Top of DATA SEGMENT
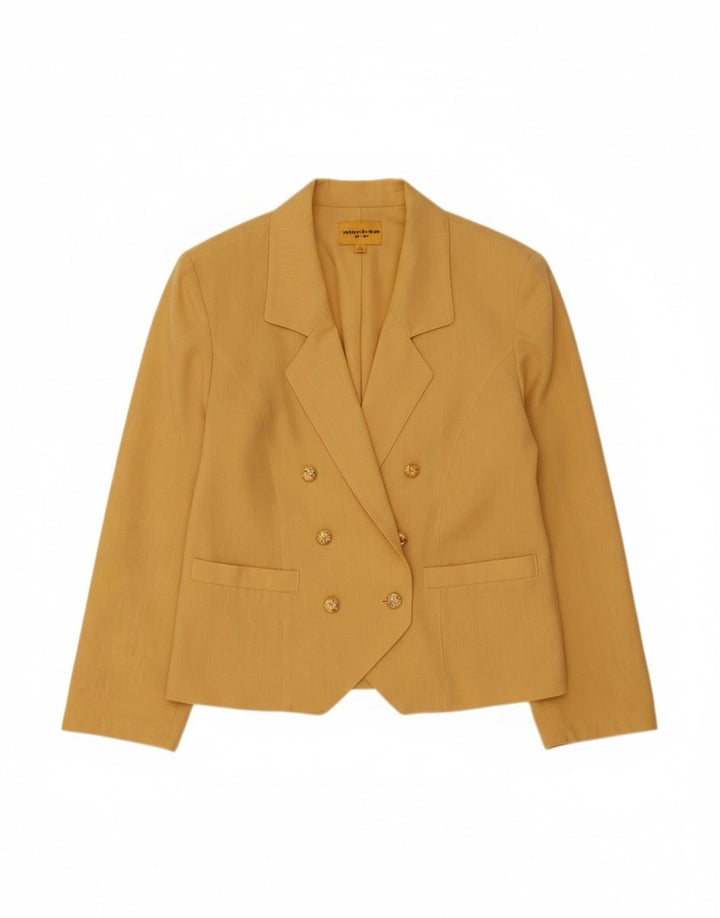 vintage Femme Double Breasted Blazer Veste IT 40 Petit Jaune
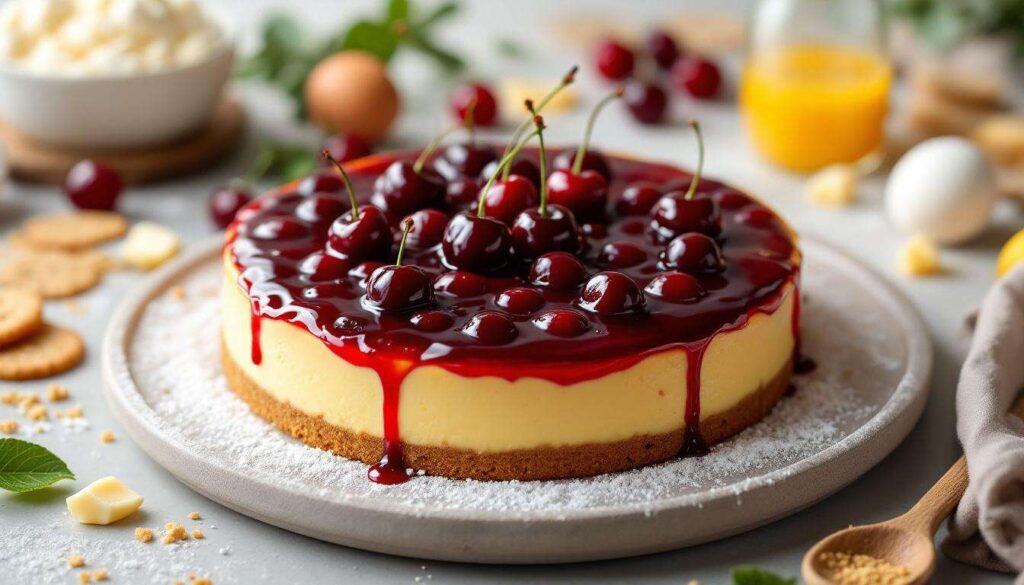 Avevo del formaggio spalmabile, ho deciso di preparare una cheesecake con topping di ciliegie ed è una meraviglia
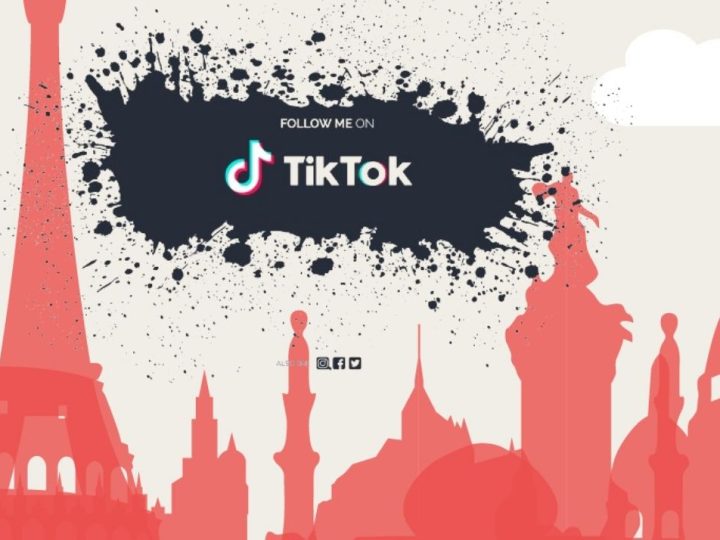 Logo TikTok avec les monuments historiques européens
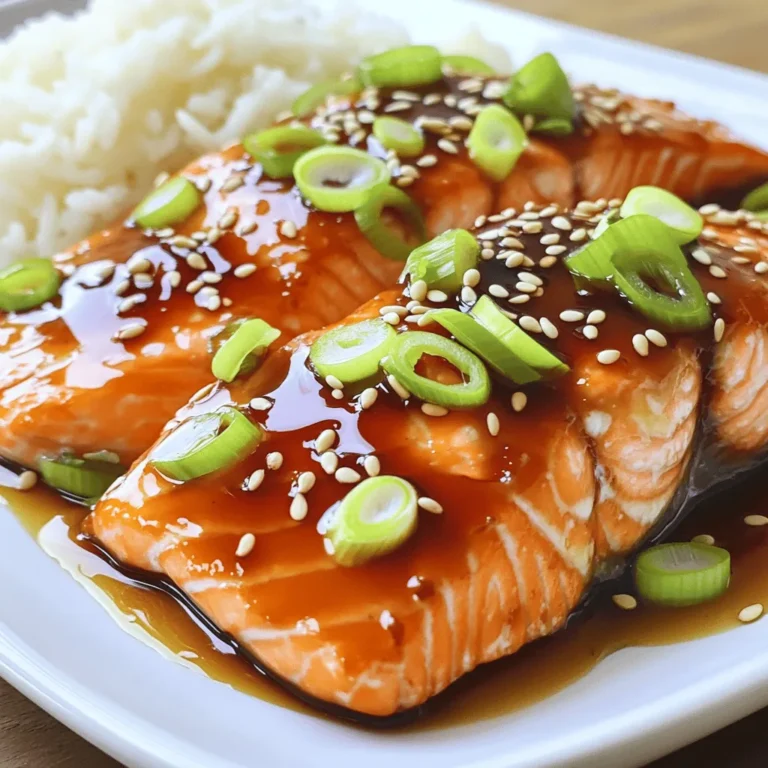 - 4 salmon fillets (6 oz each) - 1/2 cup soy sauce (low sodium) - 1/4 cup honey - 2 tablespoons rice vinegar - 2 tablespoons sesame oil - 2 garlic cloves, minced - 1 teaspoon fresh ginger, grated - 1 tablespoon cornstarch (optional, for a thicker glaze) - 2 green onions, sliced (for garnish) - Sesame seeds (for garnish) To make easy teriyaki salmon, start with fresh salmon fillets. I use four fillets, each about six ounces. Using low-sodium soy sauce keeps the dish healthy and flavorful. Honey adds a nice sweetness that balances the saltiness of the soy. Next, I like to add rice vinegar for a little tang. Sesame oil brings in a warm, nutty flavor. Don't forget minced garlic and grated ginger. They add depth and make the dish aromatic. If you want a thicker sauce, cornstarch is your friend. Just mix it with water before adding it to the sauce. For garnish, I suggest green onions and sesame seeds. They not only look pretty but also add extra flavor. This simple list of ingredients makes for a quick and tasty dinner. Check out the Full Recipe for detailed steps! - Marinate the salmon Start by making the marinade. In a bowl, mix together 1/2 cup soy sauce, 1/4 cup honey, 2 tablespoons rice vinegar, 2 tablespoons sesame oil, 2 minced garlic cloves, and 1 teaspoon grated ginger. This mix will create a sweet and savory sauce. Place the salmon fillets in a shallow dish and pour half of the sauce over them. Let them marinate for at least 15 minutes, or up to 1 hour in the fridge for a stronger flavor. - Preheat oven or grill While the salmon marinates, preheat your oven to 375°F (190°C). If you prefer grilling, prepare your grill for medium-high heat. A hot cooking surface helps the salmon cook evenly. - Bake or grill time Remove the salmon from the marinade, keeping the sauce for later. Place the fillets on a lined baking sheet or grill. If baking, cook for 15-20 minutes. For grilling, cook for 6-8 minutes on each side. The salmon is done when it flakes easily with a fork. - Check for doneness Use a fork to check if the salmon flakes easily. This means it’s ready. If it's still hard, give it a few more minutes. You want it tender and fully cooked. - Thickening the sauce While the salmon cooks, take the reserved marinade and pour it into a small saucepan. Bring it to a boil, then reduce the heat and simmer for about 5 minutes. This will thicken the sauce and enhance the flavors. - Garnishing the dish Once the salmon is cooked, drizzle the thickened sauce over each fillet. For a pop of color and taste, garnish with sliced green onions and sesame seeds. This adds a nice crunch and makes your dish look great. For a full recipe, check out the Easy Teriyaki Salmon section. Enjoy your delicious meal! Marinating salmon is key. The right time helps the fish soak up all the flavors. I suggest marinating for at least 15 minutes. If you want a stronger taste, try an hour in the fridge. The sauce can change too. For a twist, add pineapple juice or a touch of sriracha for heat. Each choice brings out new flavors. You can cook the salmon in the oven or on the grill. Both methods work great! If you want a crispy edge, grilling is your best bet. For the oven, use a broiler for the last few minutes. This adds a nice char. Always check the thickness of your fillets. This affects cooking time. Salmon is done when it flakes easily with a fork. Pair the salmon with rice or steamed veggies. They balance the rich flavors well. For a beautiful plate, stack the salmon on a bed of rice and drizzle the thickened sauce over it. Don’t forget to sprinkle sesame seeds and sliced green onions on top. This adds color and crunch. For more ideas, check out the Full Recipe for more serving tips. {{image_2}} If you want to mix things up, try different sweeteners. Instead of honey, use maple syrup or agave nectar. These can give a unique taste while still tasting sweet. You can also switch out the salmon. Use tuna or even tilapia. Each fish has its own flavor and texture. This keeps the dish fresh and fun. To boost the taste, add spices. A sprinkle of black pepper or red pepper flakes can add a nice kick. You can also try citrus. Squeeze some orange or lime juice into the sauce. This gives a bright and zesty flavor that contrasts well with the sweetness. For cooking, I recommend a good baking sheet or a grill pan. These tools help the salmon cook evenly. If you want a crispy finish, use a broiler. Place the salmon under the broiler for a few minutes at the end. This step adds a nice char and enhances the flavor. Just keep an eye on it, so it doesn't burn. For the full recipe, check out the Easy Teriyaki Salmon details. Store leftover teriyaki salmon in an airtight container. This keeps it fresh. It can last in the fridge for up to three days. Make sure to cool it down before sealing. If you want to enjoy it later, refrigerate it right after dinner. To freeze teriyaki salmon, wrap each fillet tightly in plastic wrap. Place the wrapped salmon in a freezer bag or an airtight container. This helps prevent freezer burn. You can freeze it for up to three months. When you're ready to eat, thaw it in the fridge overnight. This keeps the texture nice. When reheating, use a low heat setting. The oven works best for this. Place the salmon on a baking sheet and cover it with foil. Heat it for about 10-15 minutes. This helps keep it moist. You can also reheat it in the microwave. Use a microwave-safe dish and cover it with a damp paper towel. This prevents dryness. Enjoy your meal just like when it was fresh! I recommend marinating the salmon for at least 15 minutes. For a stronger flavor, let it sit for up to one hour in the fridge. This time allows the salmon to soak up the tasty teriyaki sauce. The longer you marinate, the more flavor the fish will have. Yes, you can use frozen salmon! Just be sure to thaw it first. Place the frozen salmon in the fridge overnight or use the quick-thaw method. To do this, seal the salmon in a bag and submerge it in cold water. This method takes about an hour. Once thawed, follow the marinating steps as usual. Teriyaki salmon goes well with many sides. Some popular choices are: - Steamed rice - Stir-fried vegetables - Roasted broccoli - Cucumber salad These sides balance the rich flavors of the salmon and create a complete meal. Yes, you can make a soy-free teriyaki glaze! Use coconut aminos as a substitute for soy sauce. It adds a similar flavor with less salt. You can also mix in some apple cider vinegar for tang. This way, you can enjoy teriyaki flavor without soy. This blog post covered how to make delicious teriyaki salmon. We looked at the main and optional ingredients, marinating, cooking steps, and ways to perfect the dish. You learned tips for storage and reheating, plus answers to common questions. Remember, teriyaki salmon is flexible and full of flavor. Enjoy experimenting with ingredients and techniques. Cooking should be fun, and this recipe is a great way to try new things. Happy cooking!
Bottom of DATA SEGMENT
*WHAT TO DO:*
Would you please transcribe the listing in full, exactly, while omitting the images?

*TASK OUTPUT:*
 vintage Femme Double Breasted Blazer Veste IT 40 Petit Jaune
 Avevo del formaggio spalmabile, ho deciso di preparare una cheesecake con topping di ciliegie ed è una meraviglia
 Logo TikTok avec les monuments historiques européens
 - 4 salmon fillets (6 oz each) - 1/2 cup soy sauce (low sodium) - 1/4 cup honey - 2 tablespoons rice vinegar - 2 tablespoons sesame oil - 2 garlic cloves, minced - 1 teaspoon fresh ginger, grated - 1 tablespoon cornstarch (optional, for a thicker glaze) - 2 green onions, sliced (for garnish) - Sesame seeds (for garnish) To make easy teriyaki salmon, start with fresh salmon fillets. I use four fillets, each about six ounces. Using low-sodium soy sauce keeps the dish healthy and flavorful. Honey adds a nice sweetness that balances the saltiness of the soy. Next, I like to add rice vinegar for a little tang. Sesame oil brings in a warm, nutty flavor. Don't forget minced garlic and grated ginger. They add depth and make the dish aromatic. If you want a thicker sauce, cornstarch is your friend. Just mix it with water before adding it to the sauce. For garnish, I suggest green onions and sesame seeds. They not only look pretty but also add extra flavor. This simple list of ingredients makes for a quick and tasty dinner. Check out the Full Recipe for detailed steps! - Marinate the salmon Start by making the marinade. In a bowl, mix together 1/2 cup soy sauce, 1/4 cup honey, 2 tablespoons rice vinegar, 2 tablespoons sesame oil, 2 minced garlic cloves, and 1 teaspoon grated ginger. This mix will create a sweet and savory sauce. Place the salmon fillets in a shallow dish and pour half of the sauce over them. Let them marinate for at least 15 minutes, or up to 1 hour in the fridge for a stronger flavor. - Preheat oven or grill While the salmon marinates, preheat your oven to 375°F (190°C). If you prefer grilling, prepare your grill for medium-high heat. A hot cooking surface helps the salmon cook evenly. - Bake or grill time Remove the salmon from the marinade, keeping the sauce for later. Place the fillets on a lined baking sheet or grill. If baking, cook for 15-20 minutes. For grilling, cook for 6-8 minutes on each side. The salmon is done when it flakes easily with a fork. - Check for doneness Use a fork to check if the salmon flakes easily. This means it’s ready. If it's still hard, give it a few more minutes. You want it tender and fully cooked. - Thickening the sauce While the salmon cooks, take the reserved marinade and pour it into a small saucepan. Bring it to a boil, then reduce the heat and simmer for about 5 minutes. This will thicken the sauce and enhance the flavors. - Garnishing the dish Once the salmon is cooked, drizzle the thickened sauce over each fillet. For a pop of color and taste, garnish with sliced green onions and sesame seeds. This adds a nice crunch and makes your dish look great. For a full recipe, check out the Easy Teriyaki Salmon section. Enjoy your delicious meal! Marinating salmon is key. The right time helps the fish soak up all the flavors. I suggest marinating for at least 15 minutes. If you want a stronger taste, try an hour in the fridge. The sauce can change too. For a twist, add pineapple juice or a touch of sriracha for heat. Each choice brings out new flavors. You can cook the salmon in the oven or on the grill. Both methods work great! If you want a crispy edge, grilling is your best bet. For the oven, use a broiler for the last few minutes. This adds a nice char. Always check the thickness of your fillets. This affects cooking time. Salmon is done when it flakes easily with a fork. Pair the salmon with rice or steamed veggies. They balance the rich flavors well. For a beautiful plate, stack the salmon on a bed of rice and drizzle the thickened sauce over it. Don’t forget to sprinkle sesame seeds and sliced green onions on top. This adds color and crunch. For more ideas, check out the Full Recipe for more serving tips. {{image_2}} If you want to mix things up, try different sweeteners. Instead of honey, use maple syrup or agave nectar. These can give a unique taste while still tasting sweet. You can also switch out the salmon. Use tuna or even tilapia. Each fish has its own flavor and texture. This keeps the dish fresh and fun. To boost the taste, add spices. A sprinkle of black pepper or red pepper flakes can add a nice kick. You can also try citrus. Squeeze some orange or lime juice into the sauce. This gives a bright and zesty flavor that contrasts well with the sweetness. For cooking, I recommend a good baking sheet or a grill pan. These tools help the salmon cook evenly. If you want a crispy finish, use a broiler. Place the salmon under the broiler for a few minutes at the end. This step adds a nice char and enhances the flavor. Just keep an eye on it, so it doesn't burn. For the full recipe, check out the Easy Teriyaki Salmon details. Store leftover teriyaki salmon in an airtight container. This keeps it fresh. It can last in the fridge for up to three days. Make sure to cool it down before sealing. If you want to enjoy it later, refrigerate it right after dinner. To freeze teriyaki salmon, wrap each fillet tightly in plastic wrap. Place the wrapped salmon in a freezer bag or an airtight container. This helps prevent freezer burn. You can freeze it for up to three months. When you're ready to eat, thaw it in the fridge overnight. This keeps the texture nice. When reheating, use a low heat setting. The oven works best for this. Place the salmon on a baking sheet and cover it with foil. Heat it for about 10-15 minutes. This helps keep it moist. You can also reheat it in the microwave. Use a microwave-safe dish and cover it with a damp paper towel. This prevents dryness. Enjoy your meal just like when it was fresh! I recommend marinating the salmon for at least 15 minutes. For a stronger flavor, let it sit for up to one hour in the fridge. This time allows the salmon to soak up the tasty teriyaki sauce. The longer you marinate, the more flavor the fish will have. Yes, you can use frozen salmon! Just be sure to thaw it first. Place the frozen salmon in the fridge overnight or use the quick-thaw method. To do this, seal the salmon in a bag and submerge it in cold water. This method takes about an hour. Once thawed, follow the marinating steps as usual. Teriyaki salmon goes well with many sides. Some popular choices are: - Steamed rice - Stir-fried vegetables - Roasted broccoli - Cucumber salad These sides balance the rich flavors of the salmon and create a complete meal. Yes, you can make a soy-free teriyaki glaze! Use coconut aminos as a substitute for soy sauce. It adds a similar flavor with less salt. You can also mix in some apple cider vinegar for tang. This way, you can enjoy teriyaki flavor without soy. This blog post covered how to make delicious teriyaki salmon. We looked at the main and optional ingredients, marinating, cooking steps, and ways to perfect the dish. You learned tips for storage and reheating, plus answers to common questions. Remember, teriyaki salmon is flexible and full of flavor. Enjoy experimenting with ingredients and techniques. Cooking should be fun, and this recipe is a great way to try new things. Happy cooking!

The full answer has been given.